Sure, that is what I said....one or two points at a time.

Do you agree that IF the universe/multiverse/megaverse had a beginning then speculation as to the type of cause (personal/deliberate/spontaneous) is not unreasonable?

Speculation is fine. I don't think that anyone objects to speculation, proposing new ideas or hypothesis....the issue is with being convinced of the truth of ones belief where there is insufficient evidence to justify a belief/ conviction. That being the definition of faith, and the issue raised in this thread.

Did you just say there is insufficient evidence to support the claim that the universe began to exist? WHOAH!!!! We ain't relying on the bible to support that premise my friend.
 
It is really difficult to get remez's point because of the way he tries to express it. I'll try to help.

For those trying to follow the discussion, but find remez's use of acronyms confusing:

KCA = Kalam Cosmological Argument
FTA = Fine Tuning Argument

For those who don't know what "premise 2" is, here is a condensed version of William Lane Craig and James Sinclair's 5-step argument in support of the KCA (See Common Sense Atheism):

  1. Everything that begins to exist has a cause.
  2. The universe began to exist.
  3. Therefore, the universe has a cause.
  4. If the universe has a cause, then an uncaused, personal Creator of the universe exists, who sans the universe is beginningless, changeless, immaterial, timeless, spaceless, and enormously powerful.
  5. Therefore, an uncaused, personal Creator of the universe exists, who sans the universe is beginningless, changeless, immaterial, timeless, spaceless, and enormously powerful.

All of us can probably agree to the first three steps in the argument, although some might want to quibble over premise 2 (since, at a very minimum, we are only talking about the observable universe). The "evidence" that remez keeps referring to seems to be just the evidence that supports premise 2, but his real argument is the one most of us reject--step 4. That is the step where we find all of the gobbledygook about the First Cause having to be "beginningless, changeless, immaterial, timeless, etc." Remez didn't go through all of that as laid out by Craig and Lewis, but he is operating from their playbook. The point is that nothing in step 4 counts as "evidence" of anything at all. We just have scientific evidence for step 2. The argument beyond step 3 is where the real debate belongs.

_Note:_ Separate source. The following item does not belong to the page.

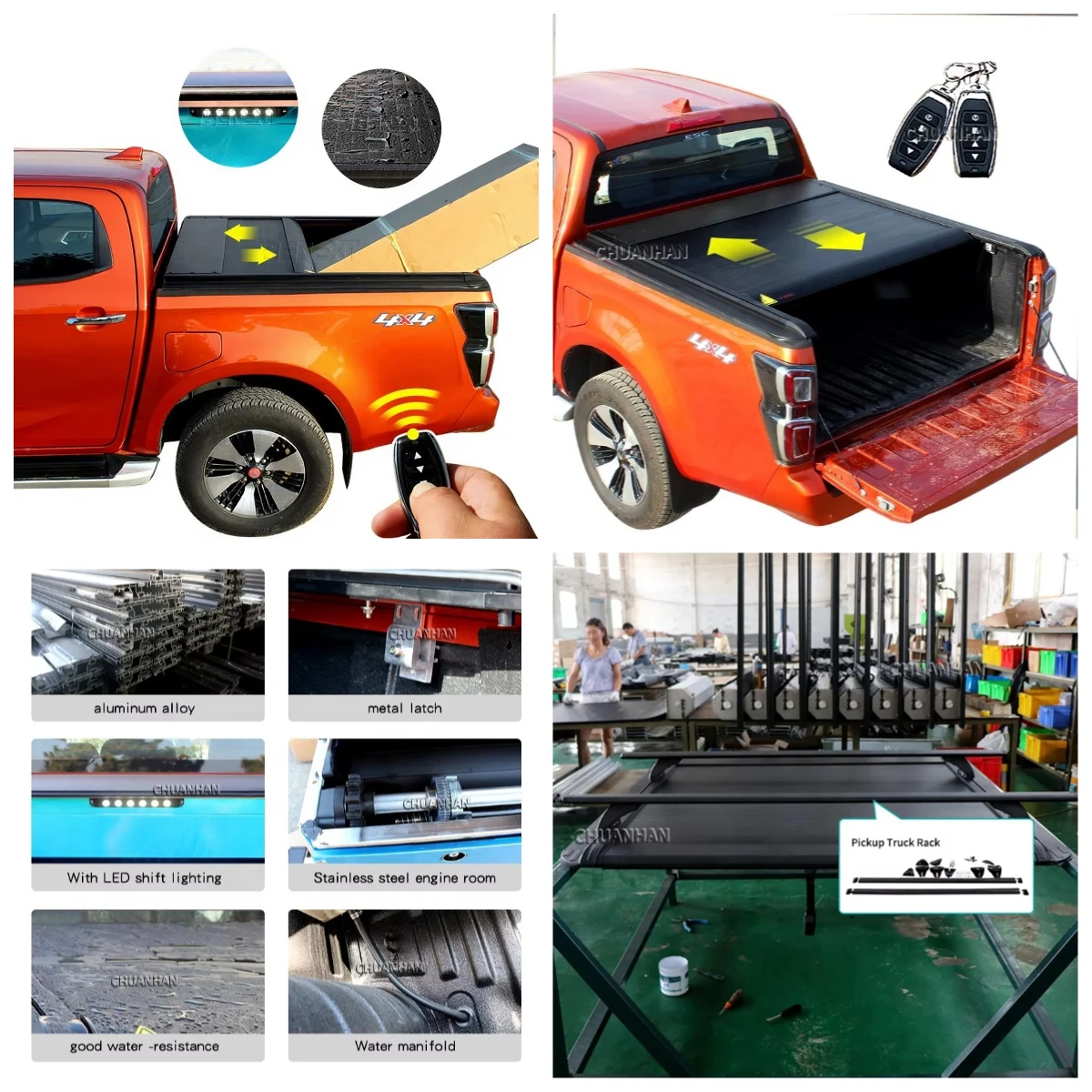 

STLFWildtrak Aluminum Alloy Electric Roller Lid Tonneau Cover For Chevy Silverado Toyotas Tacoma Isuzu D-Max Tundra Models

The Craig & Lewis argument has been the subject of debate in academia and on the internet for many years, so you can find endless amounts of material on it with Google along with quite a few refutations by real and self-appointed philosopher atheists. It still comes down to a question of equivocation on the word "universe". Do we just exist in a  pocket universe? That could mean that there is some kind of greater "universe" or "metaverse" in which our observable universe is embedded and the Big Bang was a caused event. A lot of physicists seem to like that approach to cosmology. Given that assumption, then Craig and Sinclair's KCA simply falls apart. But there are many other problems with the argument, not the least of which are the very wild jumps of imagination that shoehorn a "personal creator" into the later stages.
 
I think you (or the person you're quoting) botched premise #4
 
I think you botched premise #4

I merely copied the one from the source I cited from an online atheist blogger, Luke Muehlhauser of Common Sense Atheism. However, by all means, give us your improved version. I'm not wedded to Muelhauser's particular wording or summary, and my point still stands about the equivocation on the word "universe". My objective was just to put some context in that would help people understand the references in remez's post.
 
For me, the steps are;

1. Events are either caused or uncaused.(eg. A billiard ball either spontaneously/inexplicably starts moving all by itself or something causes it to begin to move.)

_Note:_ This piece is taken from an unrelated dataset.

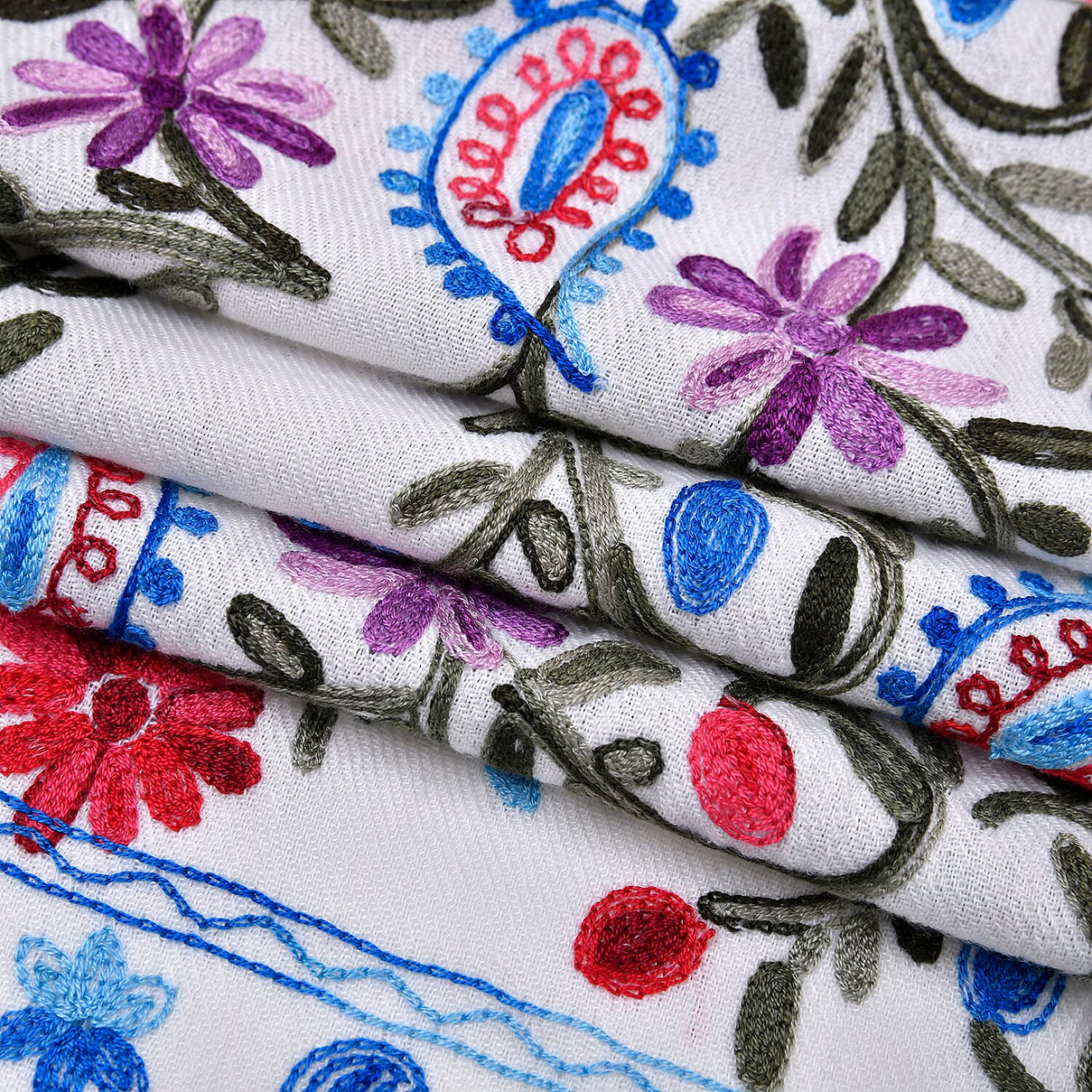 Close Out Embroidery Flower Pattern Super Soft Shawl (Size 180x70 cm) - White 7990500 9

2. The universe is an event (Big Bang)

3. At this point we can object that the universe either (a) isn't an 'event' because it has always existed even before the Big Bang, or (b) it had no cause because it happened spontaneously. NOTE. Only a past-eternal God would know if either of these unsupported beliefs were true.

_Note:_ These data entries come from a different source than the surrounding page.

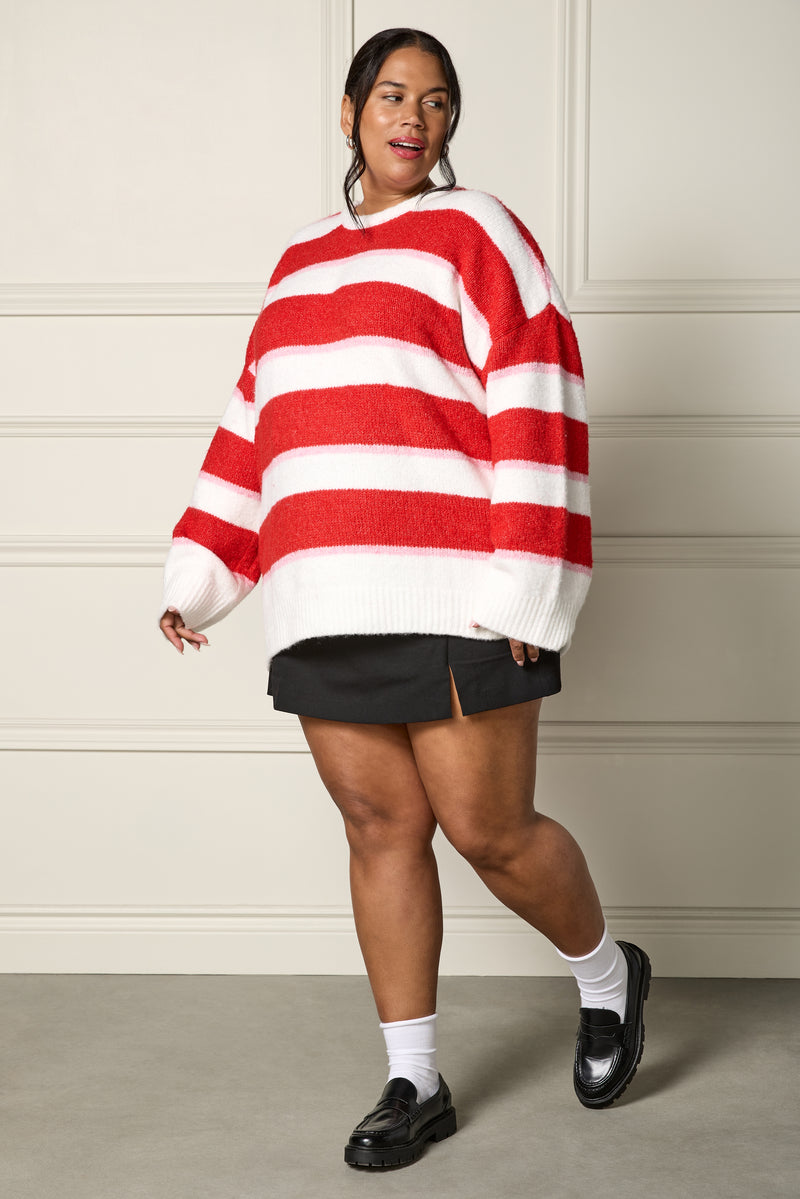 Chandail ample à rayures - 8120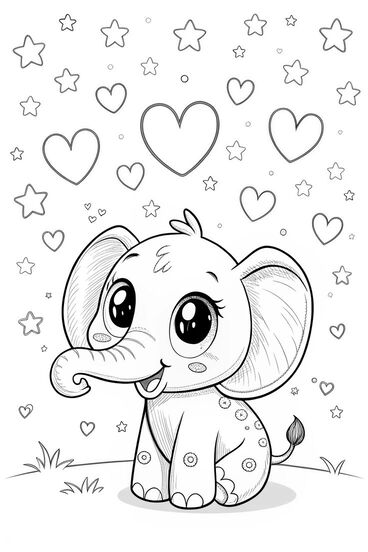 Tranh tô màu con voi 53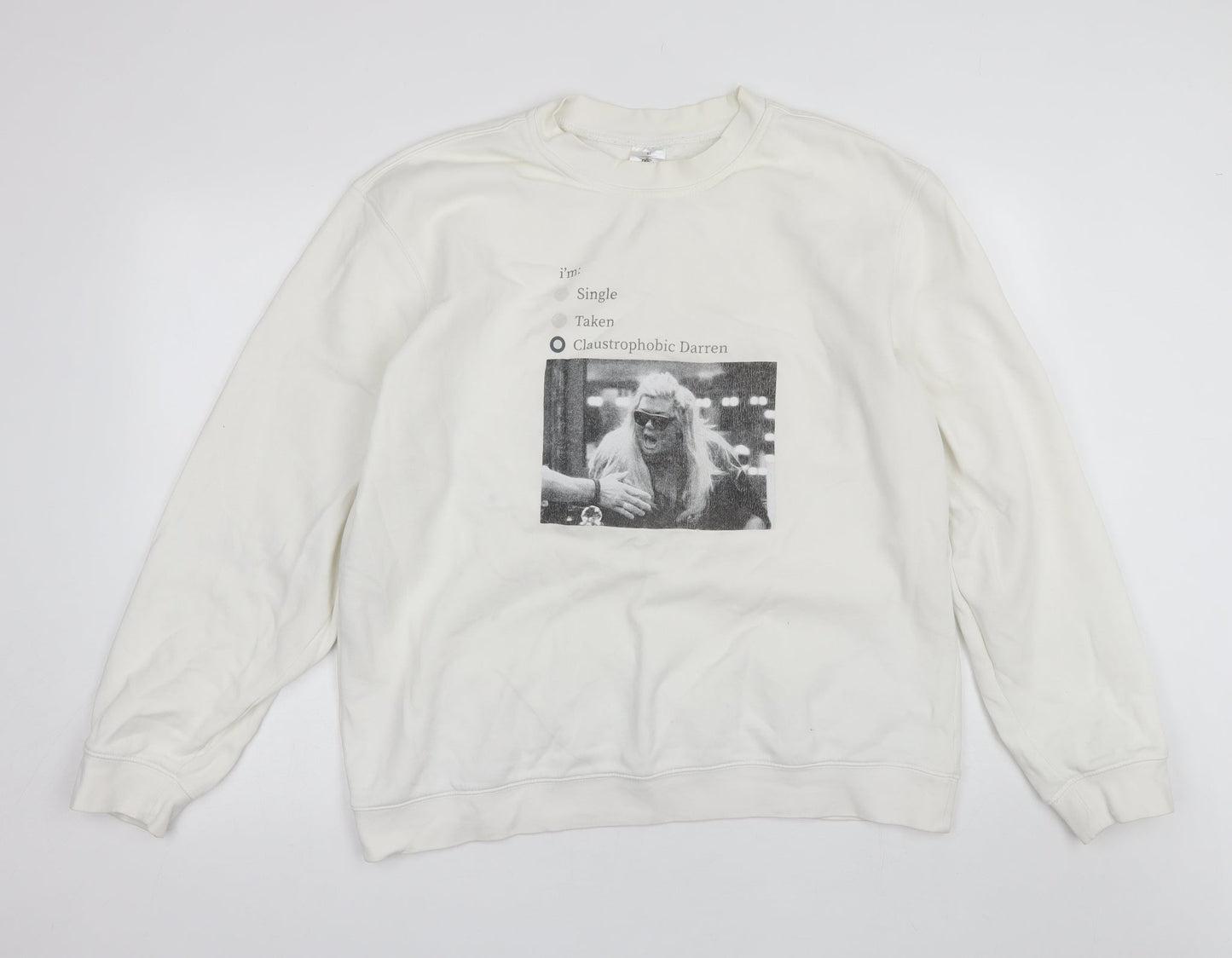 B&C Womens White Round Neck  Cotton Pullover Jumper Size XL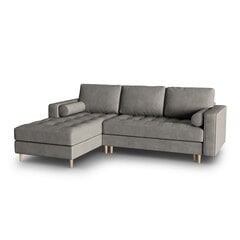 Kairinė kampinė sofa Velvet Gobi, 240x175x96 cm, tamsiai pilka kaina ir informacija | Minkšti kampai | pigu.lt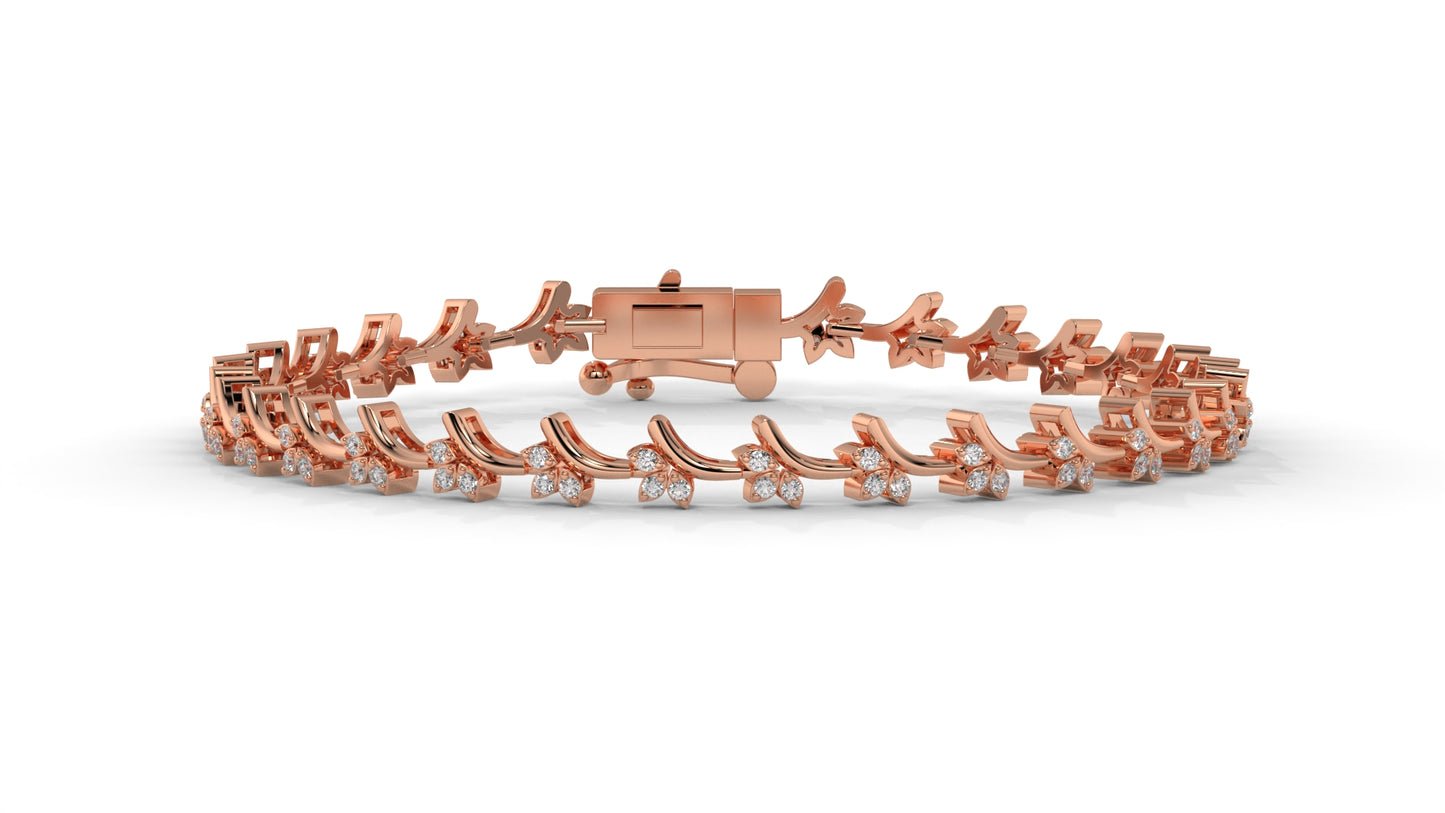 0.72 CTW Round Diamond Bracelet in 14K Rose Gold – Floral Cluster Design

4a. A past eternal, perpetual motion universe is metaphysically possible but is it parsimonious to believe that everything has already happened an infinite number of times like Groundhog Day yet here we are still wondering about stuff? How long do we have to wait for time travellers to show up? Surely we have had long enough to invent a time machine.
4b. Purely spontaneous uncaused events like billiard balls moving around a table unpredictably (like magic) is metaphysically possible but is it more plausible than the premise it would otherwise negate?

5. A personal (intentional) cause has much better explanatory power for moving billiard balls around unpredictably.
Kalam wins the argument.
 
For me, the steps are;

1. Events are either caused or uncaused.(eg. A billiard ball either spontaneously/inexplicably starts moving all by itself or something causes it to begin to move.)

2. The universe is an event (Big Bang)

3. At this point we can object that the universe either (a) isn't an 'event' because it has always existed even before the Big Bang, or (b) it had no cause because it happened spontaneously. NOTE. Only a past-eternal God would know if either of these unsupported beliefs were true.

4a. A past eternal, perpetual motion universe is metaphysically possible but is it parsimonious to believe that everything has already happened an infinite number of times like Groundhog Day yet here we are still wondering about stuff? How long do we have to wait for time travellers to show up? Surely we have had long enough to invent a time machine.
4b. Purely spontaneous uncaused events like billiard balls moving around a table unpredictably (like magic) is metaphysically possible but is it more plausible than the premise it would otherwise negate?

5. A personal (intentional) cause has much better explanatory power for moving billiard balls around unpredictably.
Kalam wins the argument.

Well, that isn't exactly the Kalam argument that Craig and Sinclair proposed. In fact, it is far less coherent, given that you sprinkle in a few rhetorical questions and other gratuitous assumptions and musings along the way. The atheist blogger's version was quite a bit more logical and coherent.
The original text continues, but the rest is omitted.